同社への取材の結果「運営する一部の調剤薬局で、薬剤師が患者から聞き取った内容をメモのまま放置しパソコンに入力せず、電子薬歴への転記作業が速やかに行われていなかった」として事実を認めた。報道を受け、CFSコーポレーションは同日にニュースリリースで「薬剤服用歴管理に関するお詫びとお知らせ」を発表。「本件を重く受け止め、調剤薬局全店の薬歴管理状況について自主調査を行う」とした。
薬剤師は医師の処方箋により調剤する際に、患者に薬剤について説明し服薬指導を行うとともに、患者から症状や併用薬などを聴取し、薬のカルテである薬歴として記録し保管する必要がある。また「お薬手帳」に処方薬の記録を経時的に記載する。これらをすべて行うことにより「薬剤服用歴管理指導料」として診療報酬(当時は1回につき原則410円)を請求できる。
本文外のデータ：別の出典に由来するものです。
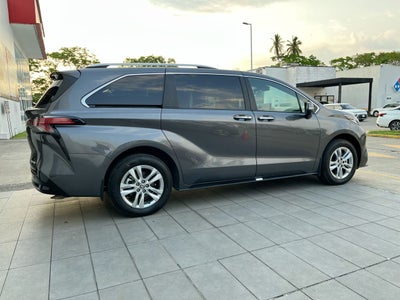 2025 Toyota Sienna 2.5 Platinum Hev At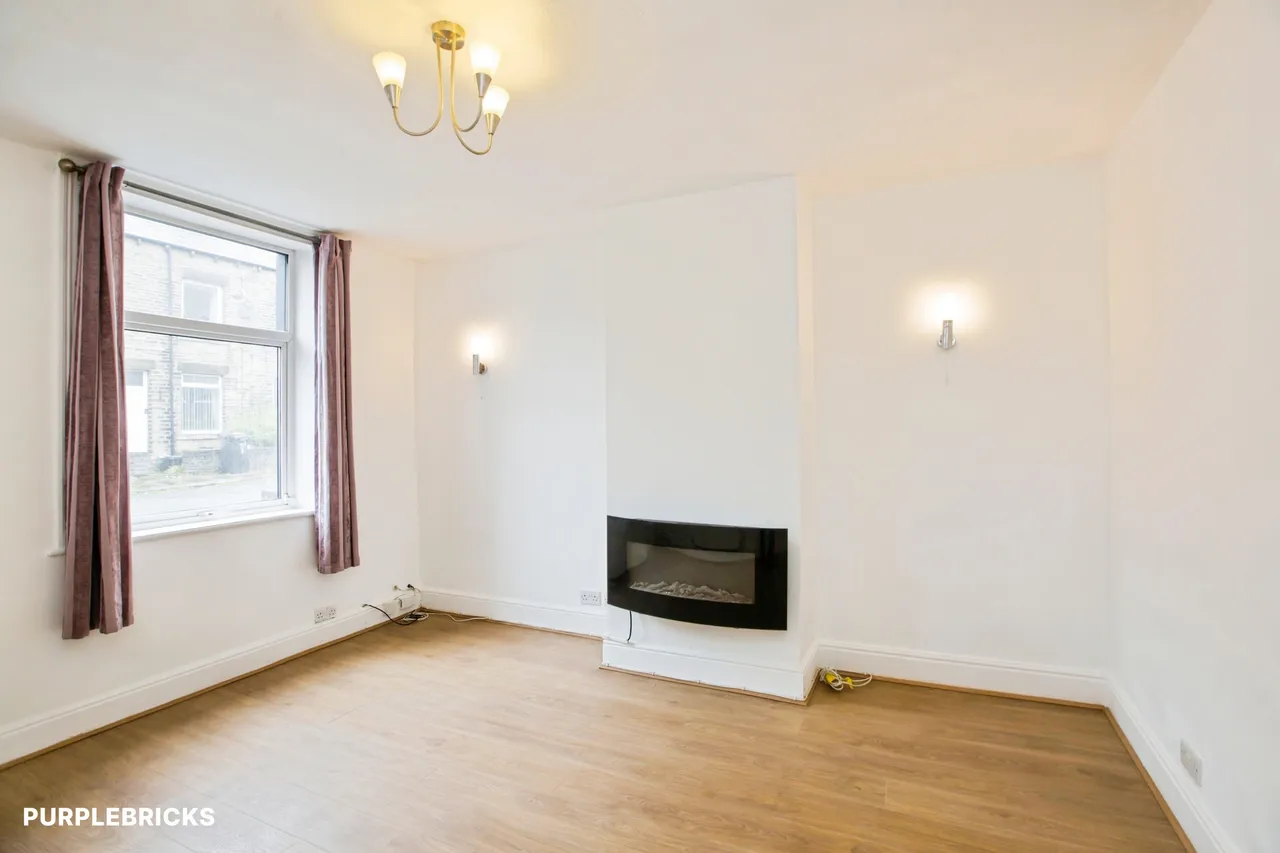 Turnpike Street, Elland, HX5, photo 4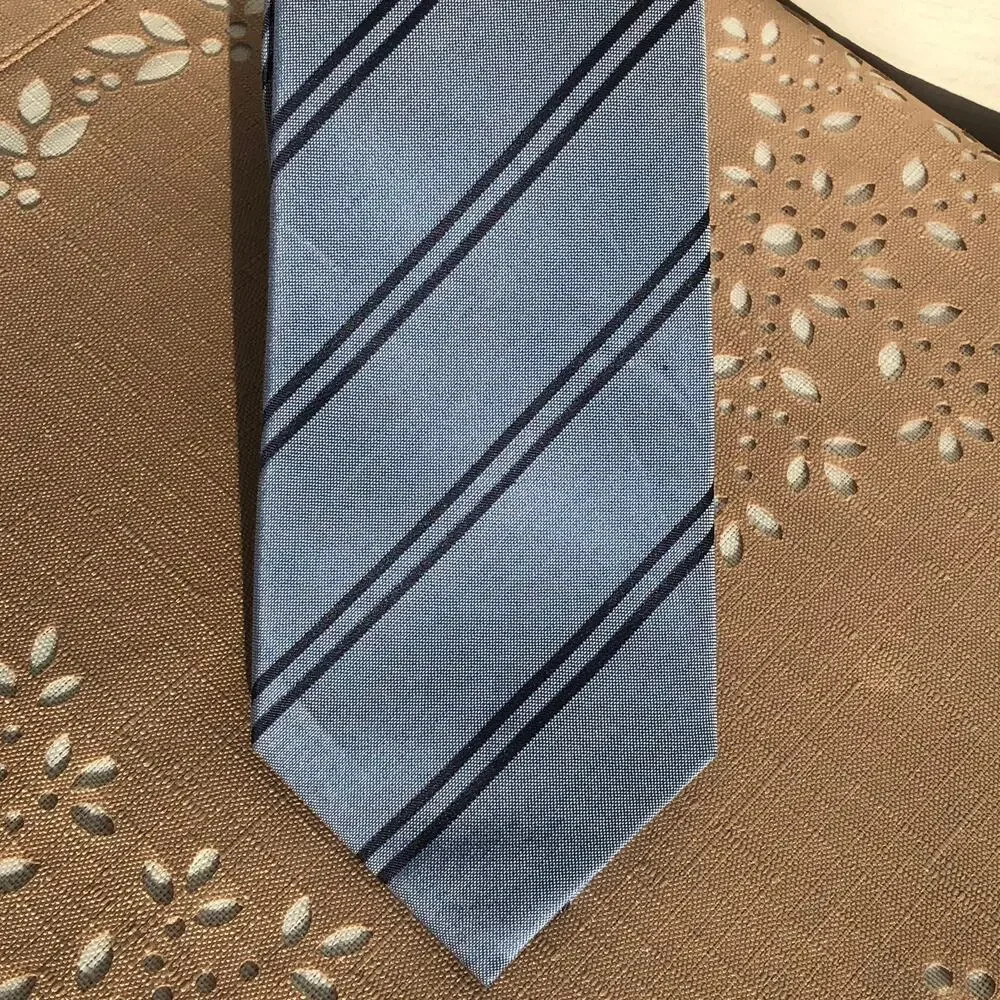 Countess Mara Men’s Silk-Blend Vintage Blue Career Necktie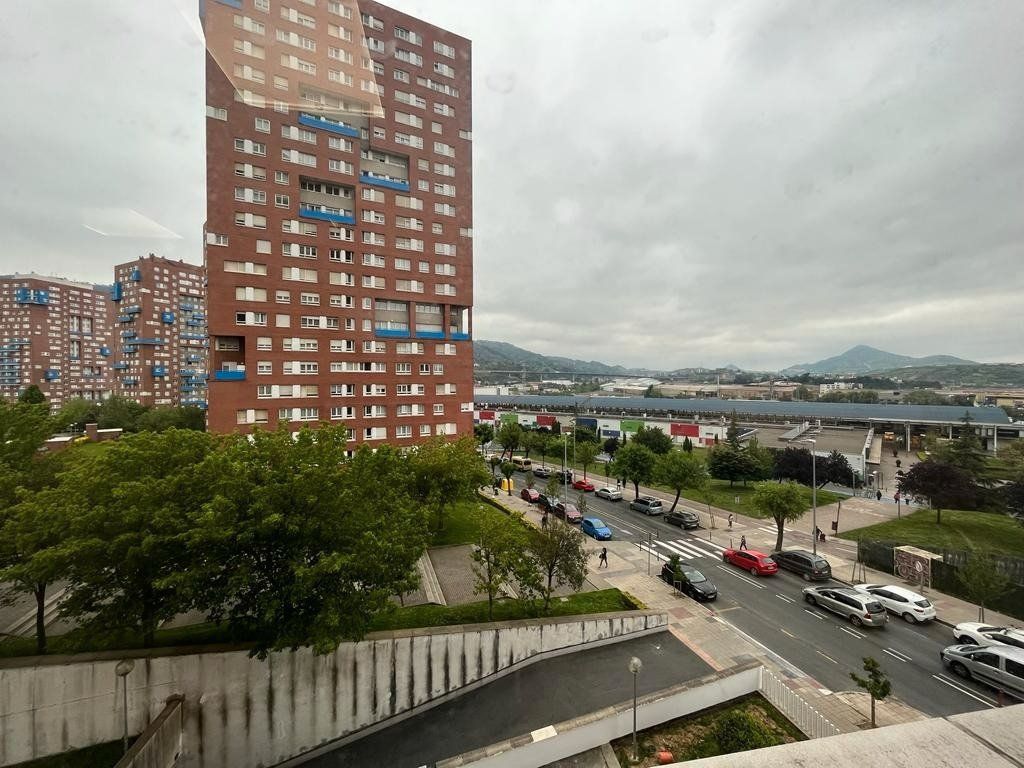 Exterior view of Office for sale in Barakaldo   with Heating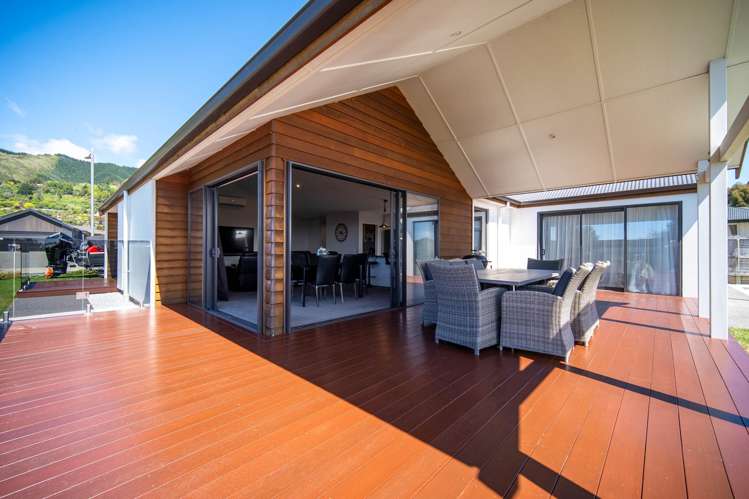 18 Sabine Drive Richmond_19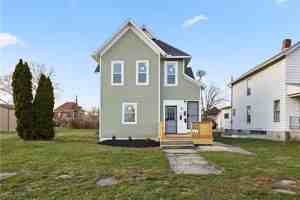 featured image of 316 W 10th St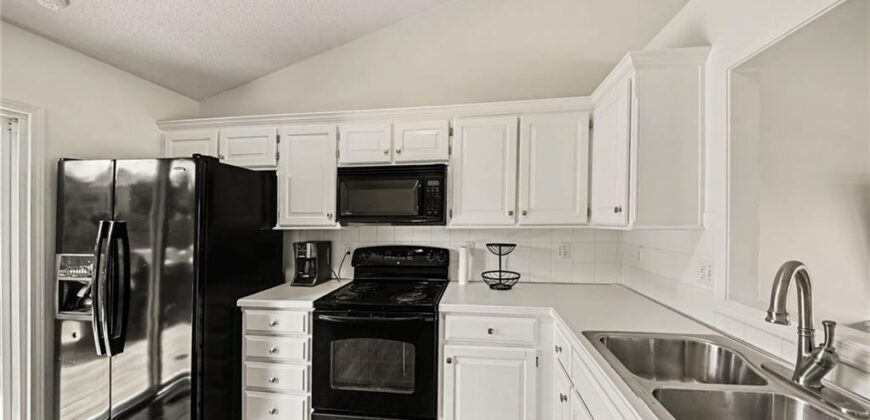 11010 N Booth Avenue, Kansas City, MO 64157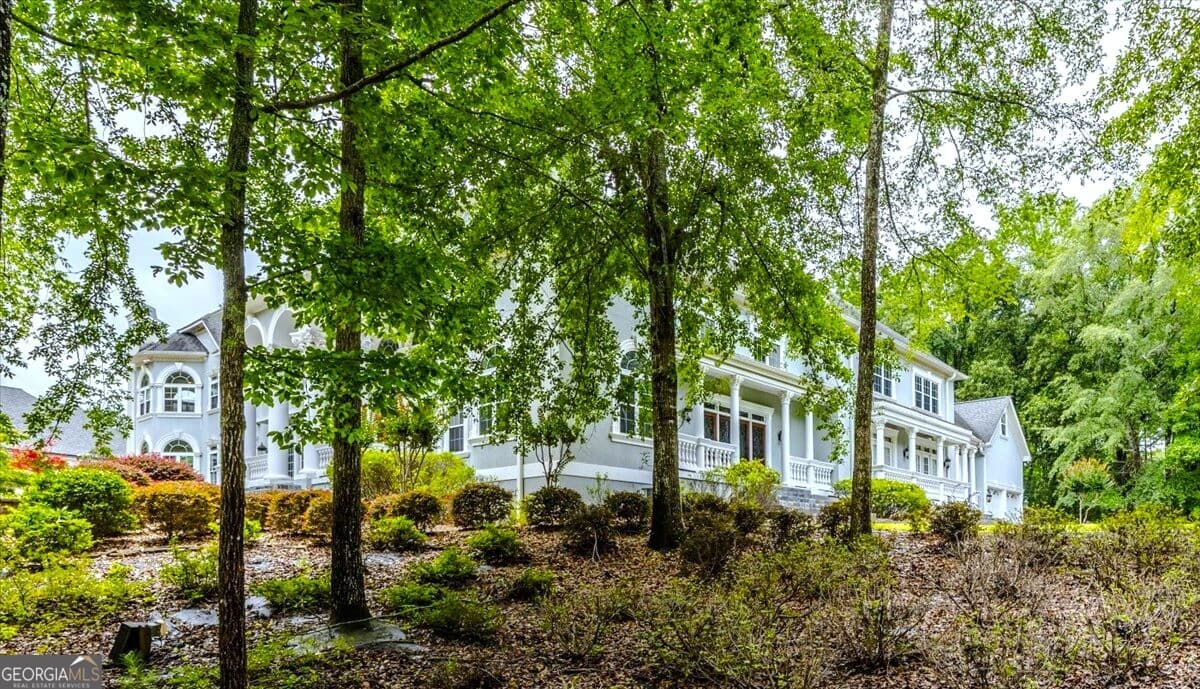 6 bedroom, 7.5 bathroom, 12,420 sq ft single family residence for sale at 311 North Rivoli Farms Drive, Macon, GA 31210 — photo 3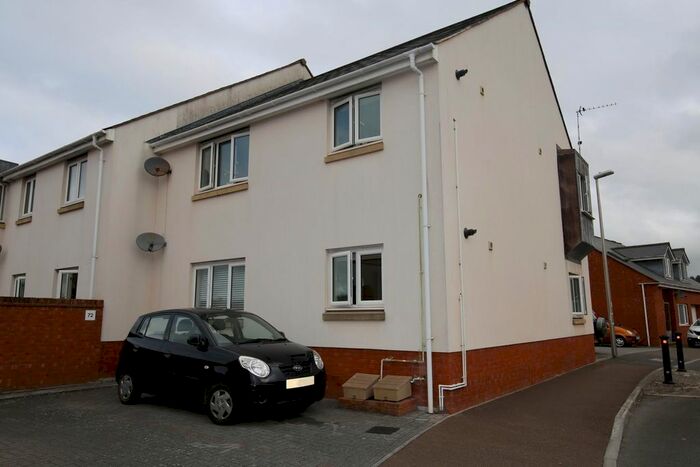 1 Bedroom Flat To Rent In Oakfields, Tiverton, EX16
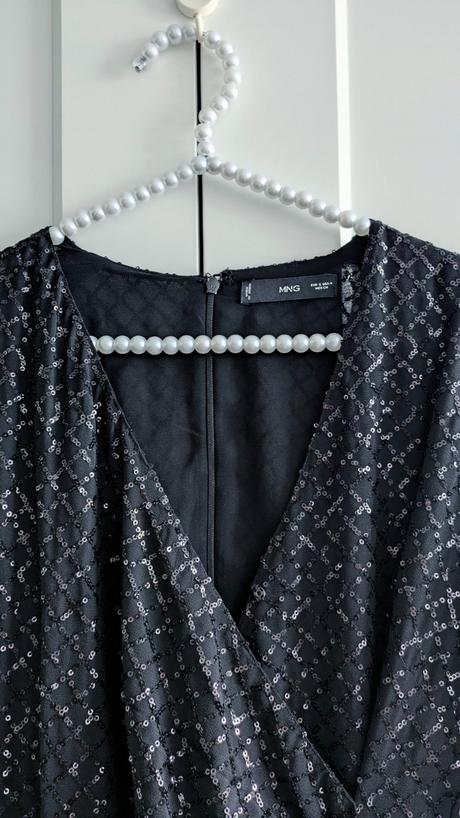 Čierne flitrové šaty mango, mango,s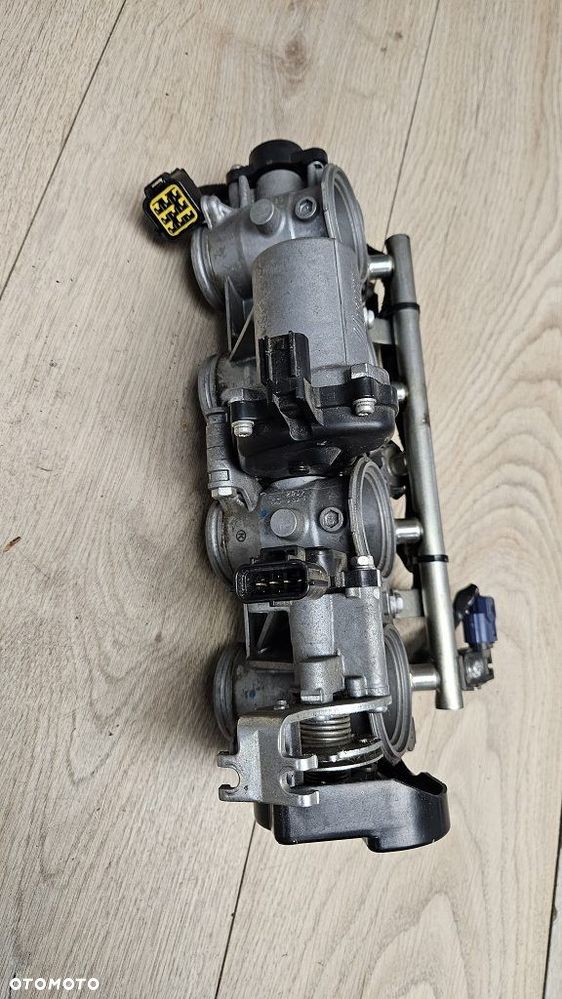Listwa Wtryskowa Przepustnica Yamaha YZF-R6 R6 2008-2016 13S Dawca Części - 5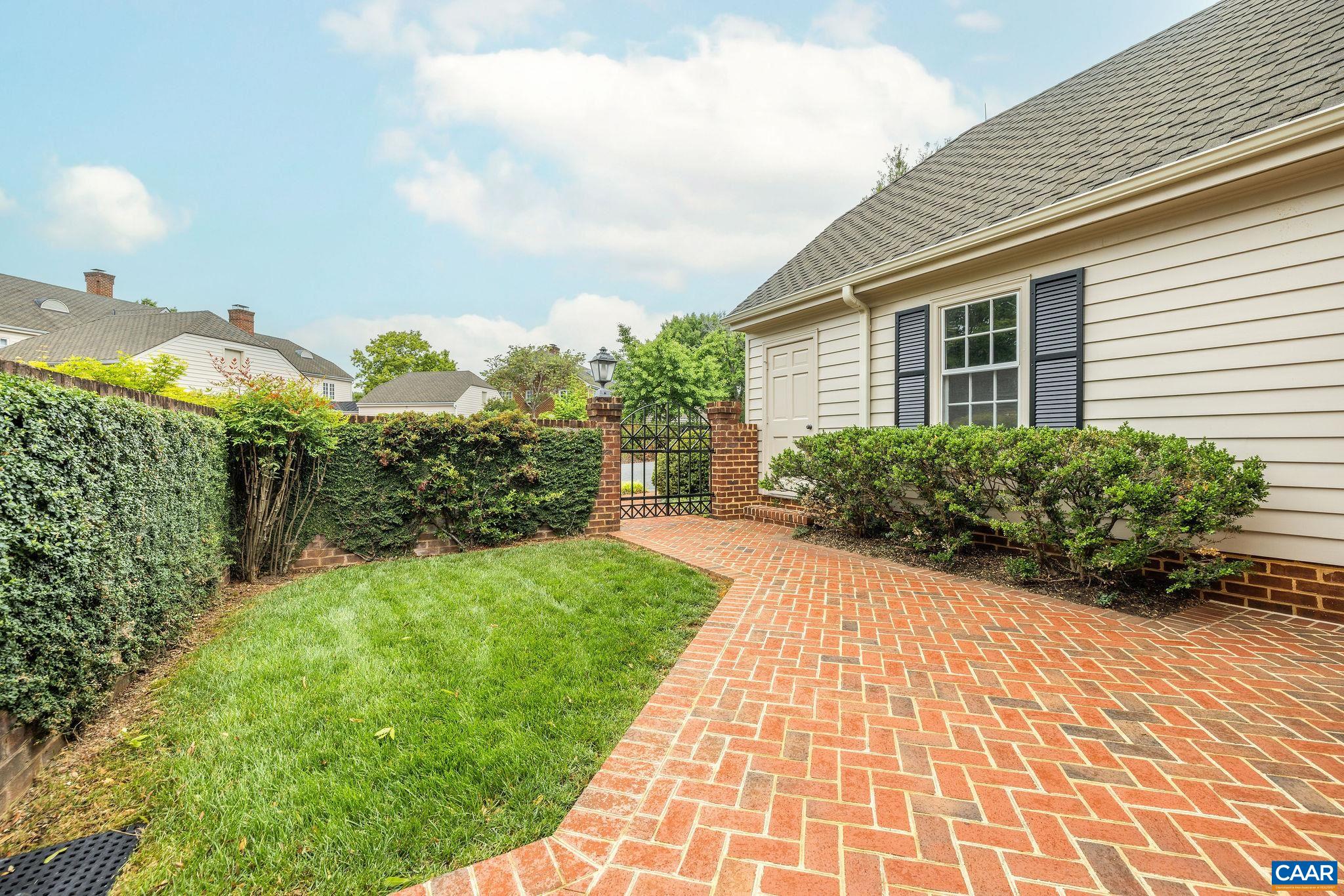 555 DRYDEN PL, CHARLOTTESVILLE, Virginia 22903, 4 Bedrooms Bedrooms, ,3 BathroomsBathrooms,Residential,555 DRYDEN PL,677043 MLS # 677043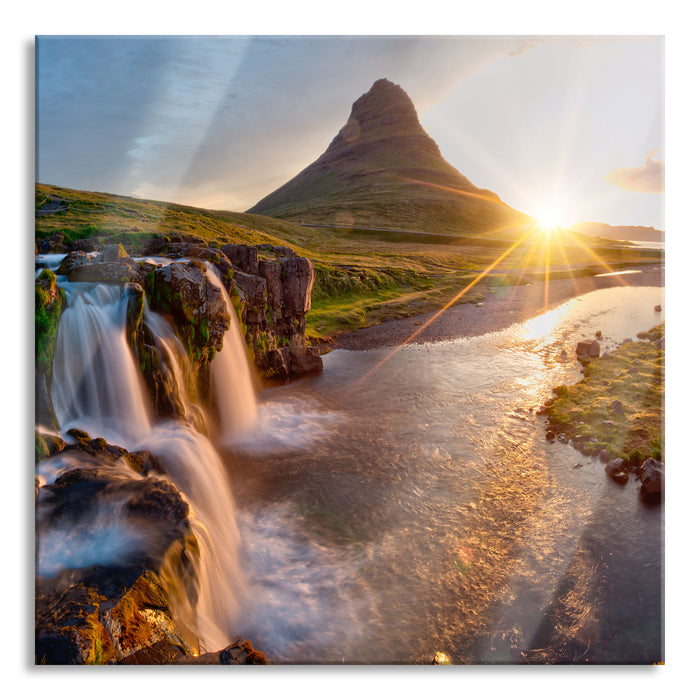 Wasserfall in Isalnd bei Sonnenuntergang, Glasbild Quadratisch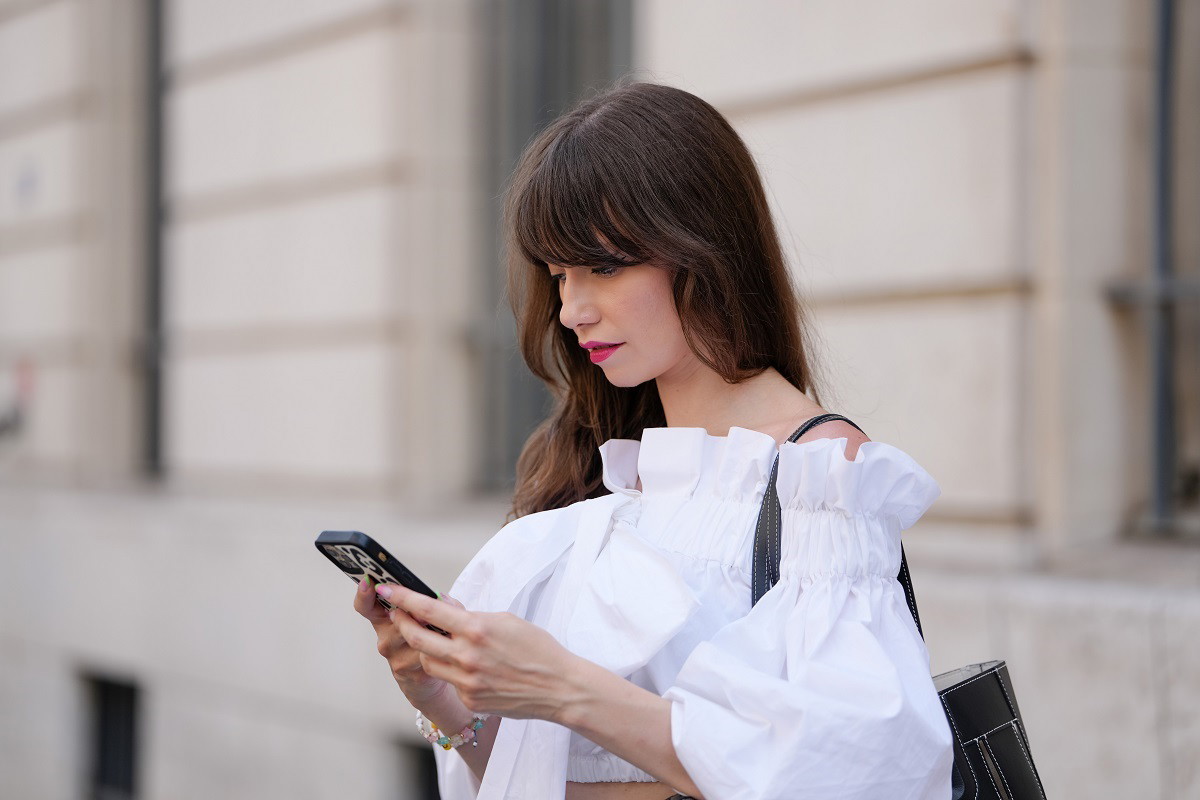 Blunt bangs to hit tego sezonu. Ta grzywka odmieni twoją fryzurę / Getty Images, Edward Berthelot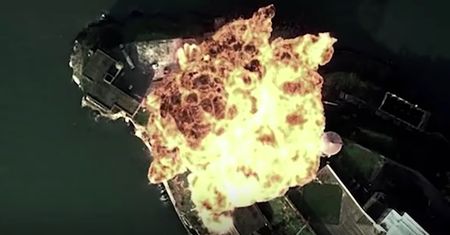 Chiny. Do filmu propagandowego użyli scen z "Transformersów"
未記載の場合は副作用などを把握できないまま調剤する危険があるばかりでなく、診療報酬の不正請求が行われていたことになる。
薬歴未記載問題は、同年2月にくすりの福太郎(ツルハグループ)で発覚し、約17万件の記載漏れがあることが2月10日の朝日新聞のスクープにより明らかになった。それに引き続きハックドラッグでも大量の薬歴未記載が発覚した。
大手ドラッグストアの調剤薬局で薬歴未記載が相次いで発覚したことを受け、厚生労働省は日本薬剤師会、日本保険薬局協会、日本チェーンドラッグストア協会の3団体に対し自主点検を要請。その結果、2014年の1年間だけで1220薬局で約81万2,000件に上る薬歴未記載があったことが同年6月24日に判明。最大3億円の診療報酬が不正請求されたとして、厚生労働省は3団体を通じて各薬局に診療報酬の返還を求めるとした。